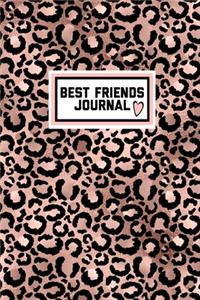 Best Friends Journal
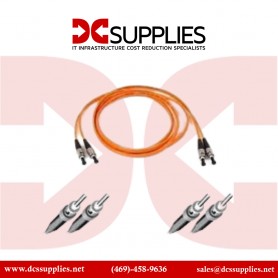 Belkin A2F20200-10M 10M Duplex Fiber Optic Cable ST/ST 62.5/125 RoHS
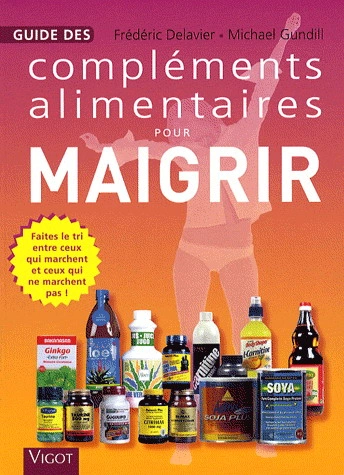 Guide des compléments alimentaires pour maigrir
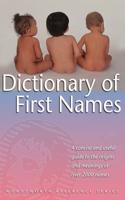 The Wordsworth Dictionary of First Names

■ **PROBLEM REQUIREMENTS**
Reproduce the listing above exactly, excluding all pictures.

■ **EXERCISE OUTPUT**
 Best Friends Journal
 Belkin A2F20200-10M 10M Duplex Fiber Optic Cable ST/ST 62.5/125 RoHS
 Guide des compléments alimentaires pour maigrir
 The Wordsworth Dictionary of First Names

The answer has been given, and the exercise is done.